I spent three years at Yale Divinity School earning a Master of Divinity degree. I wrote about the lack of viewpoint diversity in real time, starting in the fall of 2019, when I observed that “there is diversity in backgrounds and religious traditions, but very little actual viewpoint diversity” and that “everyone just assumes everyone else is politically liberal.” I wrote about cancel culture when a Russian Orthodox bishop’s lecture was shut down before he could deliver it. I wrote about the obsession with oppression that had turned every classroom discussion into an exercise in identifying power dynamics. I described the experience of being a conservative at Yale as something like being Sasquatch—people had heard enough about conservatives to believe they might exist, but had had so little exposure to them that they could only think of them through blurry photographs and caricatures.

Now there are numbers to go with the anecdotes. And the numbers are worse than I would have guessed.

What the Report Found

The Buckley Institute’s report breaks down the political affiliations of Yale Divinity School’s employees across three categories: administration, professional staff, and educators. The results are striking in their uniformity.

Among administrators, 15 of 16—93.8 percent—are Democrats. One is unaffiliated. Zero are Republican. Among professional staff, 26 of 38—68.4 percent—are Democrats, with 10 unaffiliated and two Republican. Those two Republicans on the professional staff are the only Republicans in the entire institution. Among the 77 people classified as educators—a category that includes faculty, visiting and adjunct faculty, lecturers, instructors, and denominational studies directors—62, or 80.5 percent, are Democrats. Fifteen are unaffiliated. Zero are Republican.
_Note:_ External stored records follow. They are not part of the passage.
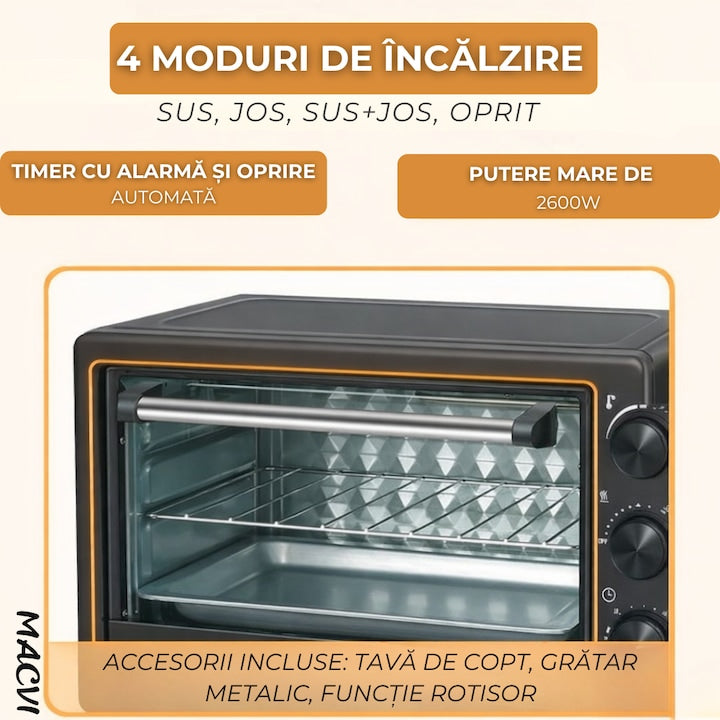 Cuptor Electric de Bucatarie 2600W, 48L, Temperatura Reglabila 250°C, 4 Moduri Incalzire, Tava de Copt, Gratar, Functie Rotisor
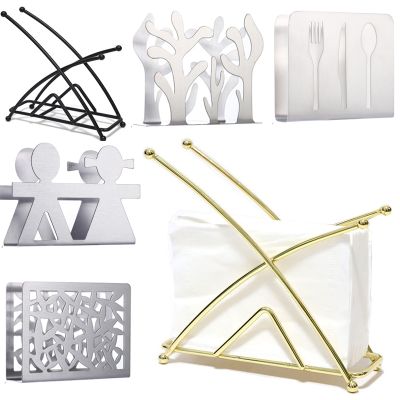 【CW】 1pc Tabletop Napkin Holder Dispenser Dinner Table Organizer Dining Gold Wrought Iron Paper Clip
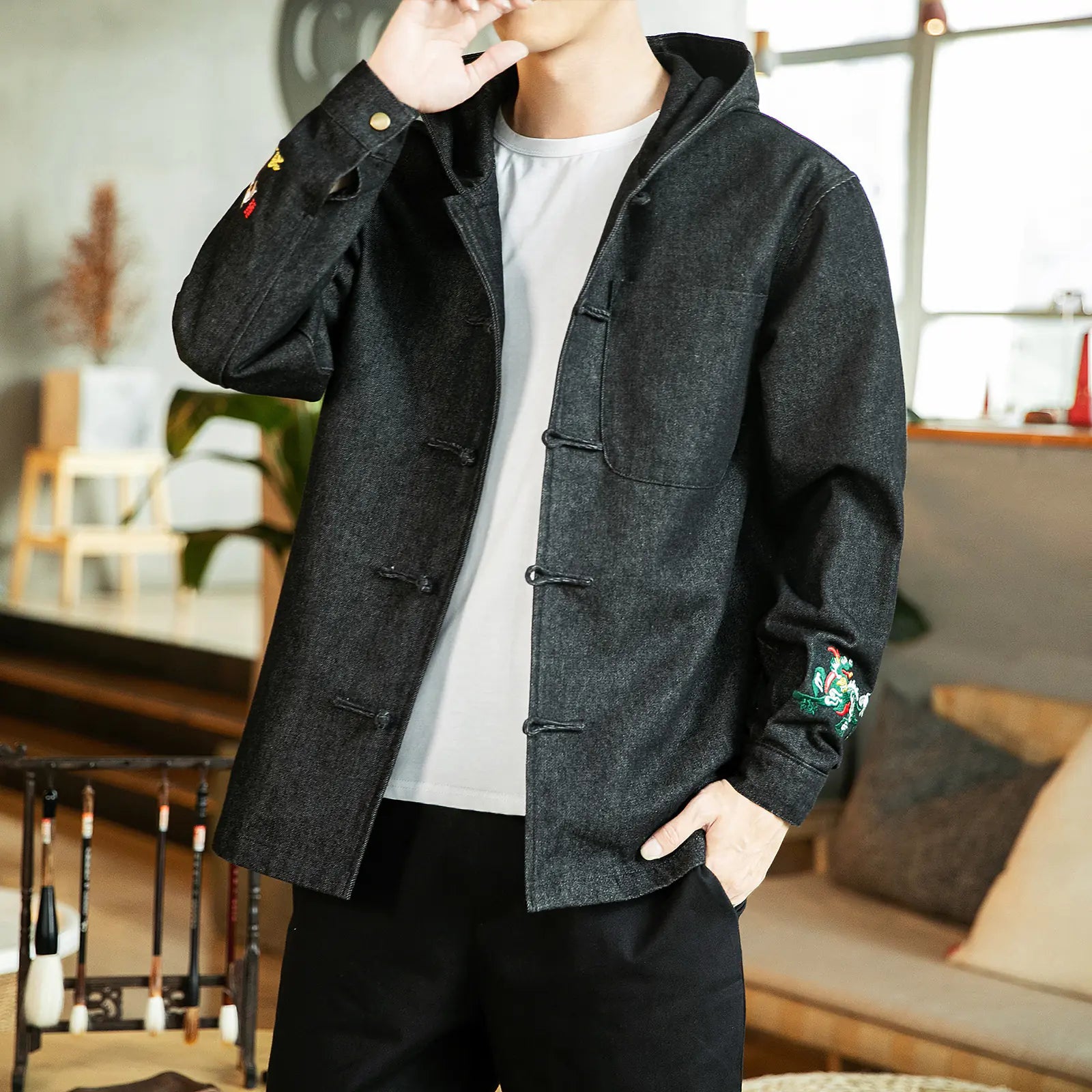 Men's Chic Japanese Denim Hoodie Jacket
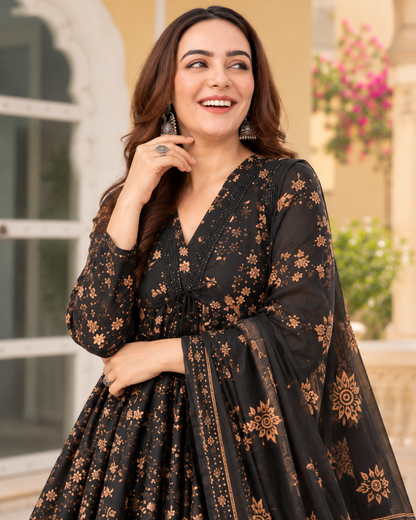 Black Floral Jaipuri Cotton Anarkali Set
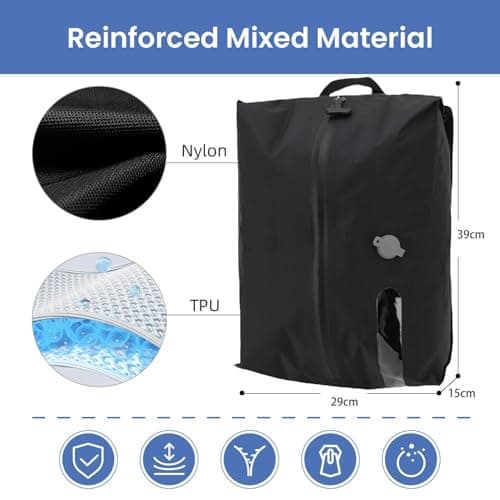 16L Pack of 2 Compression Bags for Travel Clothes, Vacuum Bags for Suitcases, Foldable Travel Bag with Viewing Window Without Vacuum Pump, Black — view 2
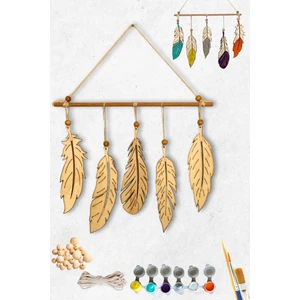 Ahşap Tüy Boyama Seti Rustik Bohem Kendin Yap Ev Ofis Duvar Balkon Bahçe Dekorasyon Objesi Farklı Boylarda Kendi Zevkinize Göre Renklendirebileceğiniz Dekorasyon Objesi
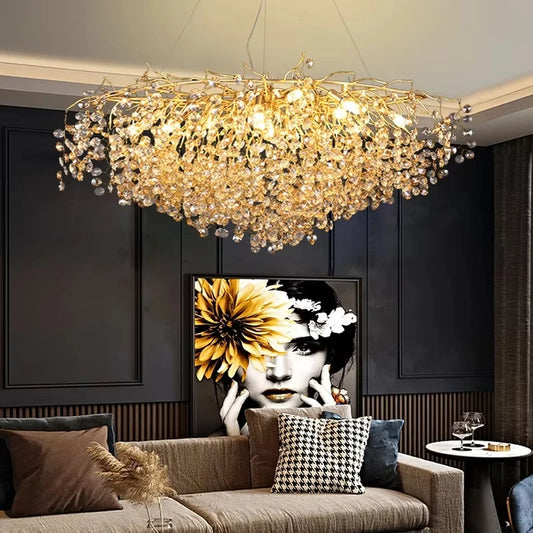 Modern Living Room LED Crystal Gold Large Chandelier Kitchen Long Pendant Lamp
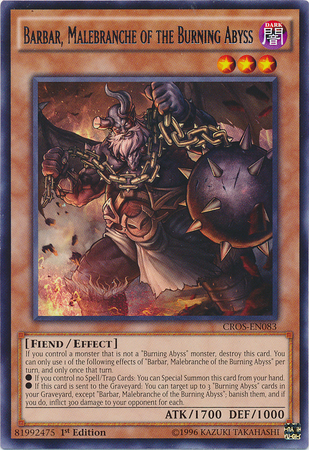 Barbar, Malebranche of the Burning Abyss [CROS-EN083] Rare - Yu-Gi-Oh! - Card Brawlers | Quebec | Canada |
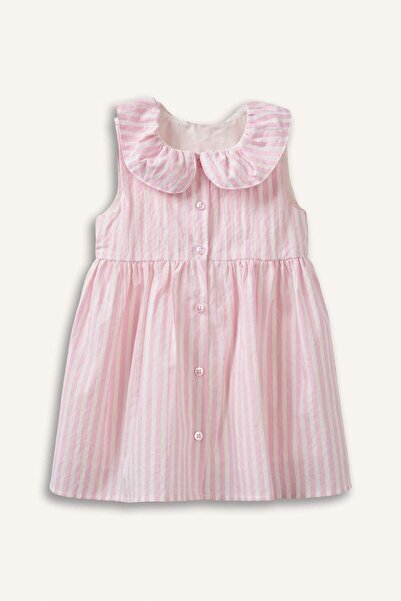DeFacto Ριγέ Φόρεμα με Τιράντες και Υφή Γκοφρέ για Κοριτσάκι H4778A526SM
The faculty numbers are even more concentrated. Of the 39 Divinity School faculty members, 34—87.2 percent—are Democrats. The remaining five are unaffiliated. Not a single one is Republican. The report notes that this makes Yale Divinity School’s faculty more ideologically uniform than Yale’s faculty overall, which itself registers at 82.3 percent Democratic, 15.4 percent unaffiliated, and 2.3 percent Republican. And of the 43 undergraduate degree-granting departments at Yale, all but 11 either had at least one Republican faculty member or had a greater percentage of unaffiliated faculty than the Divinity School.

Let me put that plainly: Yale Divinity School is more politically homogeneous than nearly every other corner of an already overwhelmingly progressive university. A Christian divinity school—ostensibly a place where the deepest questions of human existence are examined, where the tradition that produced Augustine, Aquinas, Luther, and Calvin is studied and transmitted—cannot locate a single Republican among its faculty.

What It Means

I want to be careful here, because the argument I am making is not the one most people will assume I am making. I am not arguing that Yale Divinity School should hire Republicans for the sake of hiring Republicans, or that political affiliation is a reliable proxy for theological seriousness, or that a 50-50 partisan split among faculty would solve the deeper problem. The deeper problem is not partisan. It is intellectual.

The problem is what happens to an institution when virtually everyone within it shares the same basic assumptions about politics, theology, ethics, and culture. As I wrote when reflecting on the Buckley Program, “when an entire institution proceeds from shared assumptions, something corrosive happens. Those assumptions stop being examined. They become the water you swim in rather than the ground you stand on.” The Buckley Institute’s report provides the empirical confirmation of what anyone paying attention already knew: there is no meaningful ideological diversity at Yale Divinity School. There is a monoculture. And a monoculture does not educate. It catechizes.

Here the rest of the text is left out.